**EXERCISE INPUTS**.
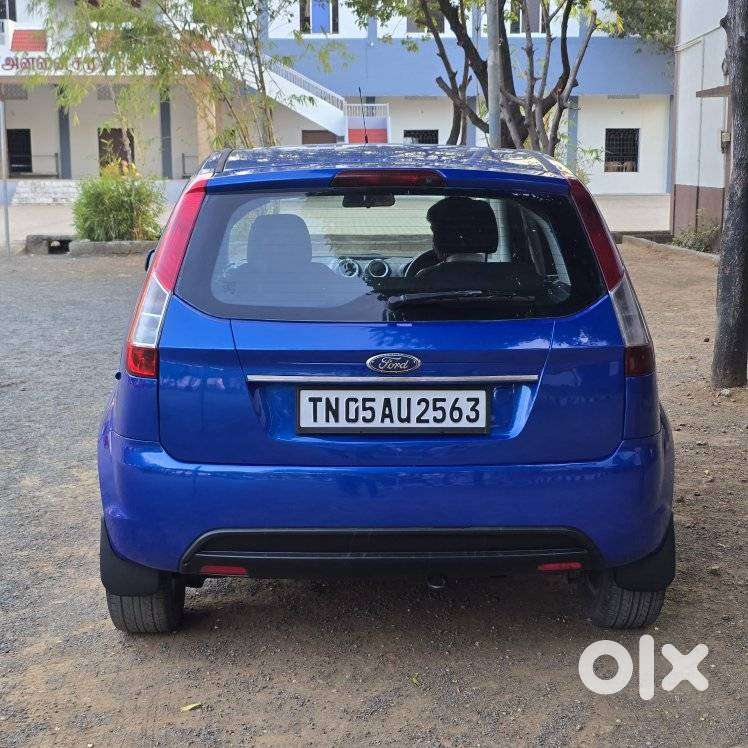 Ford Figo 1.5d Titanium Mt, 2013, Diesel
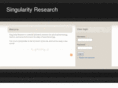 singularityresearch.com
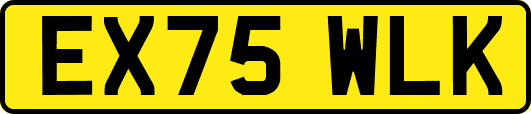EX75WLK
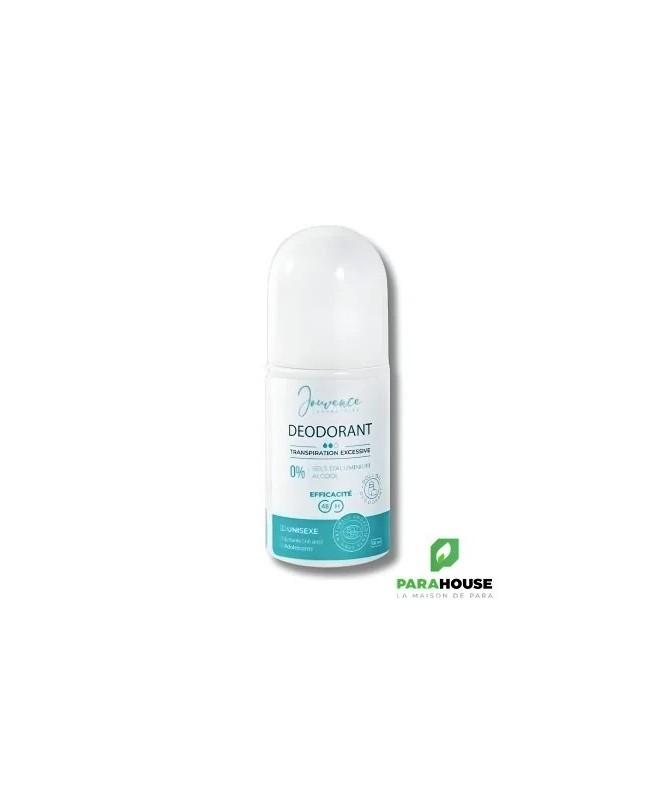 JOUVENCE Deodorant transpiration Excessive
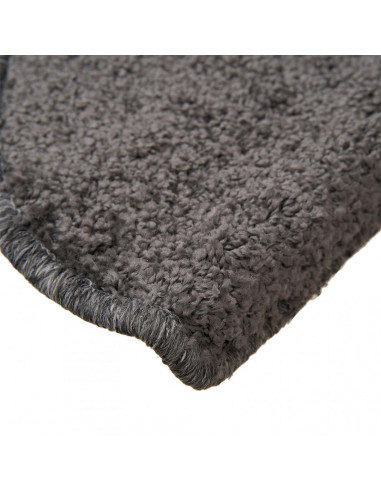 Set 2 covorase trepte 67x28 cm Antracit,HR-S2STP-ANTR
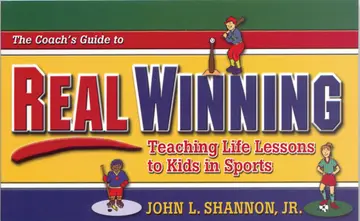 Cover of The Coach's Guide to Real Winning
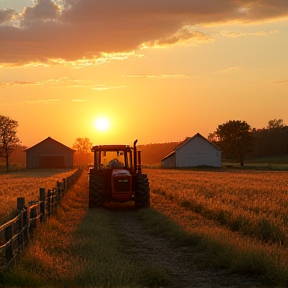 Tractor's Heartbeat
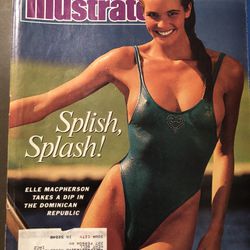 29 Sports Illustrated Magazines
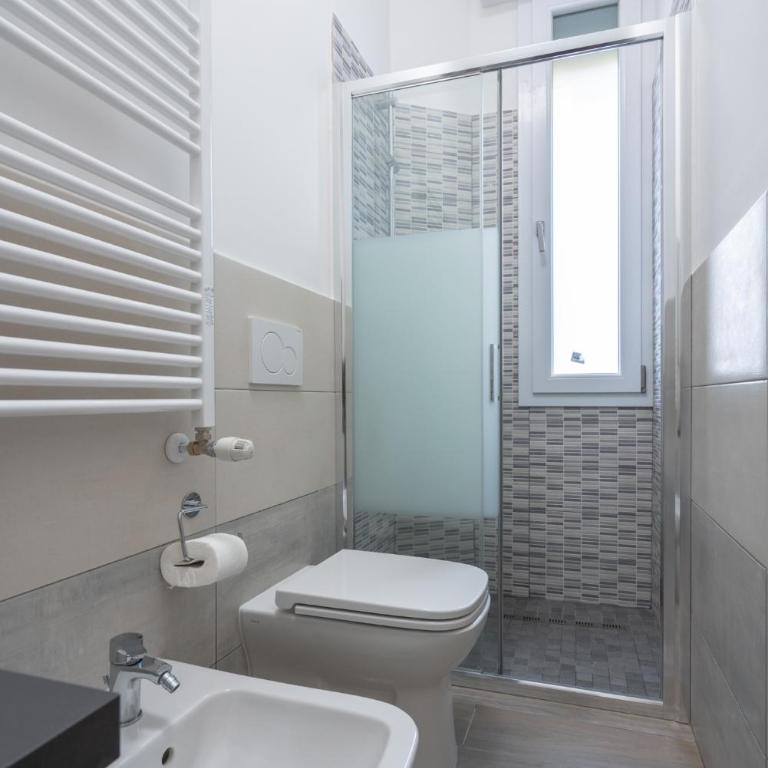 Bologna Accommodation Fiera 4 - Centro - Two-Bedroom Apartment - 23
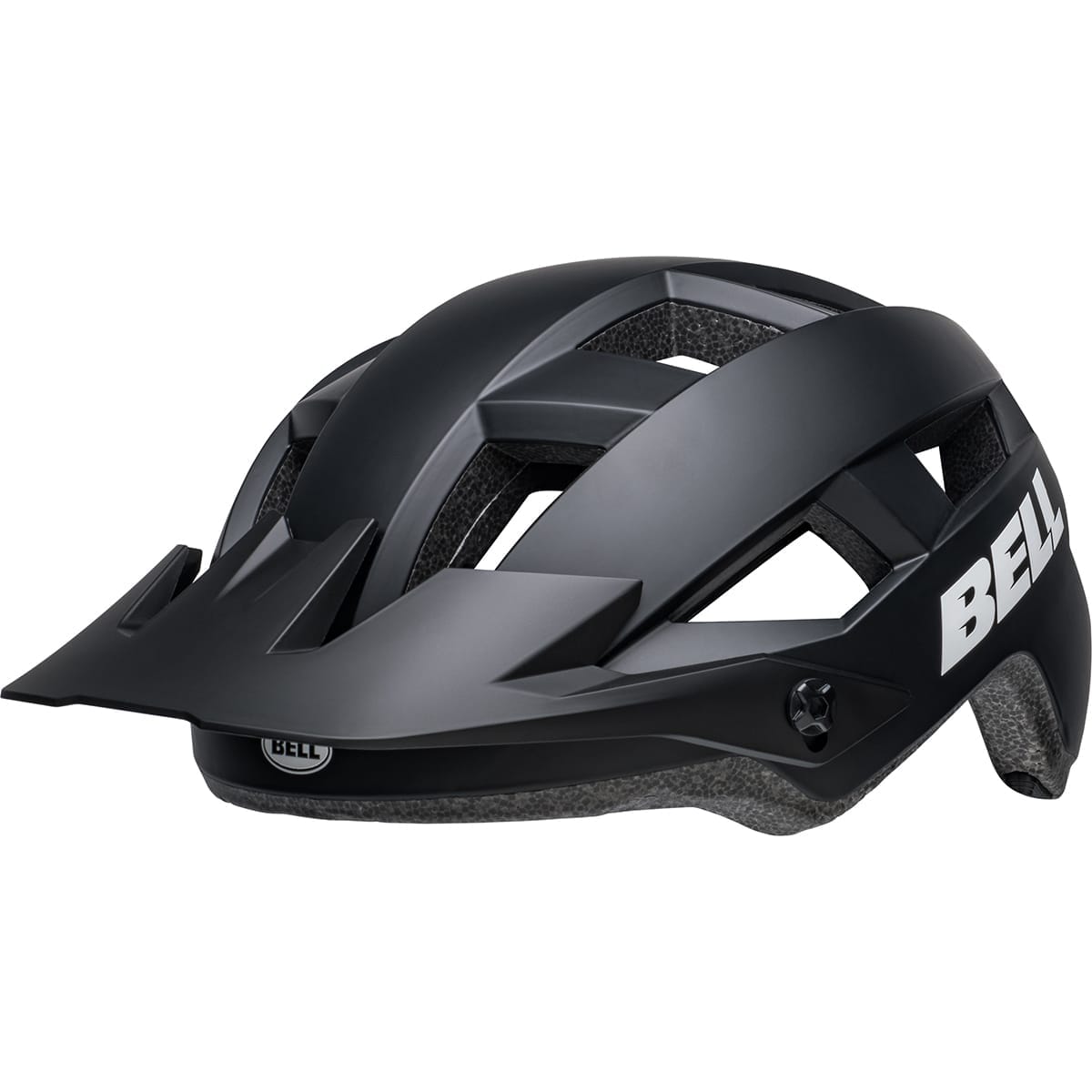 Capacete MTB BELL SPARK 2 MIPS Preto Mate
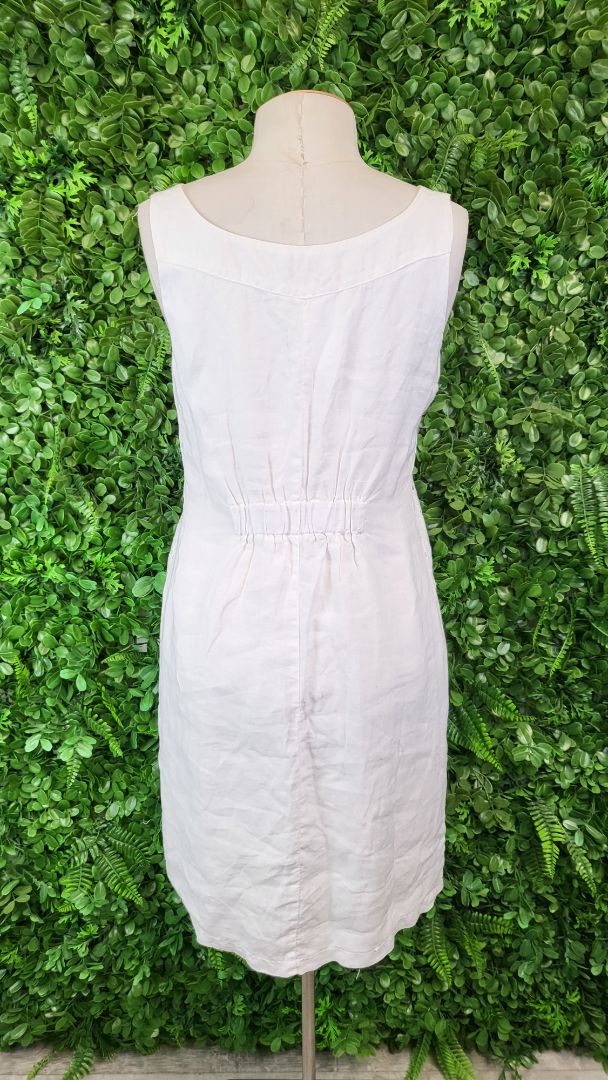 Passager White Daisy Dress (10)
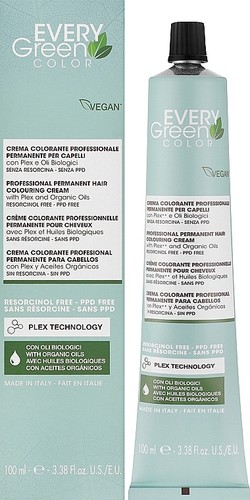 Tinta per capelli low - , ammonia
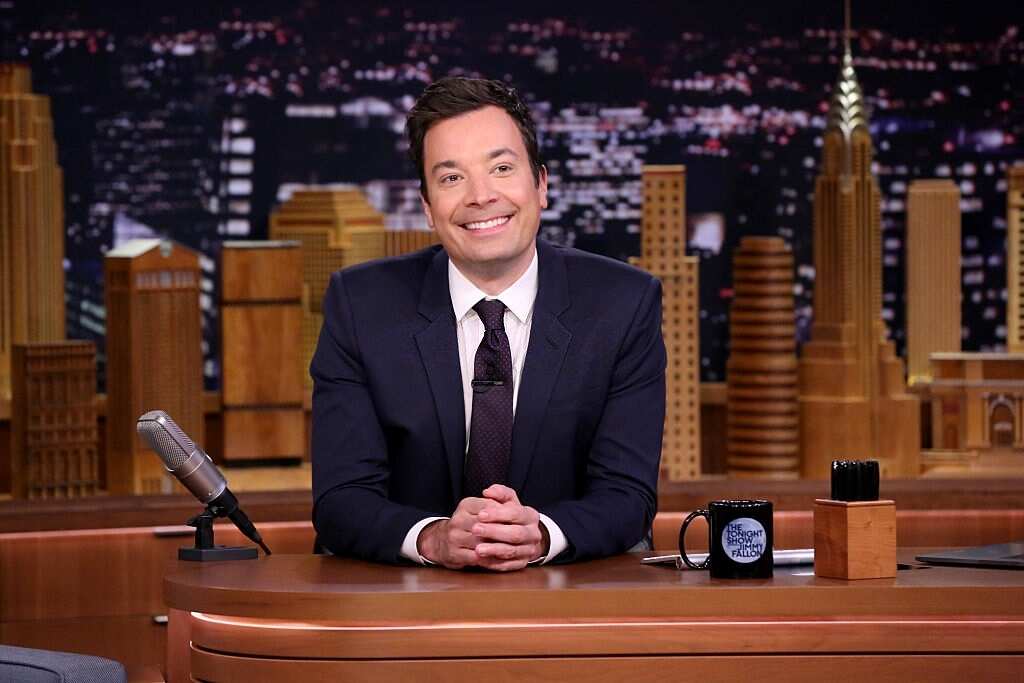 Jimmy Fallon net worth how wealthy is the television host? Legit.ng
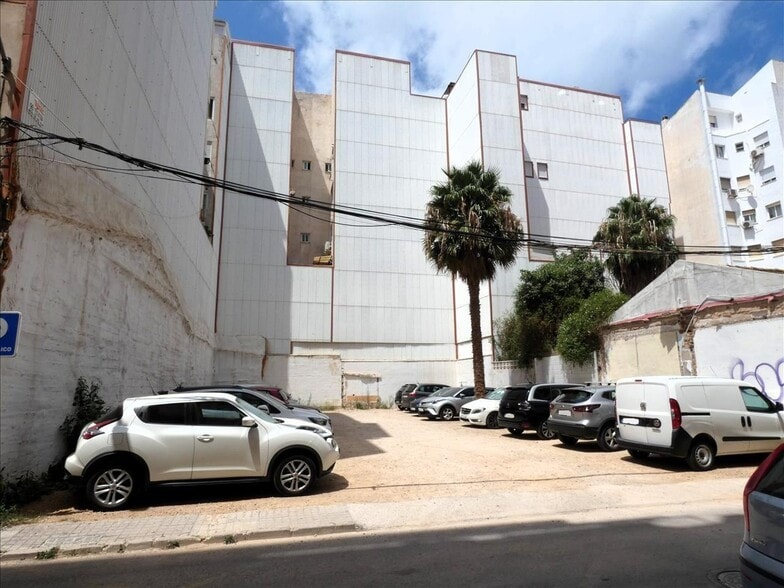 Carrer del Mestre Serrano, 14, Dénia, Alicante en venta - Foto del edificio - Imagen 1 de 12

**WORK REQUEST**. Without copying any picture, write out all of the material exactly as it reads.

**SOLUTION TO THIS PROBLEM**.
 Ford Figo 1.5d Titanium Mt, 2013, Diesel
 singularityresearch.com
EX75WLK
 JOUVENCE Deodorant transpiration Excessive
 Set 2 covorase trepte 67x28 cm Antracit,HR-S2STP-ANTR
 Cover of The Coach's Guide to Real Winning
 Tractor's Heartbeat
 29 Sports Illustrated Magazines
 Bologna Accommodation Fiera 4 - Centro - Two-Bedroom Apartment - 23
 Capacete MTB BELL SPARK 2 MIPS Preto Mate
 Passager White Daisy Dress (10)
 Tinta per capelli low - , ammonia
 Jimmy Fallon net worth how wealthy is the television host? Legit.ng
 Carrer del Mestre Serrano, 14, Dénia, Alicante en venta - Foto del edificio - Imagen 1 de 12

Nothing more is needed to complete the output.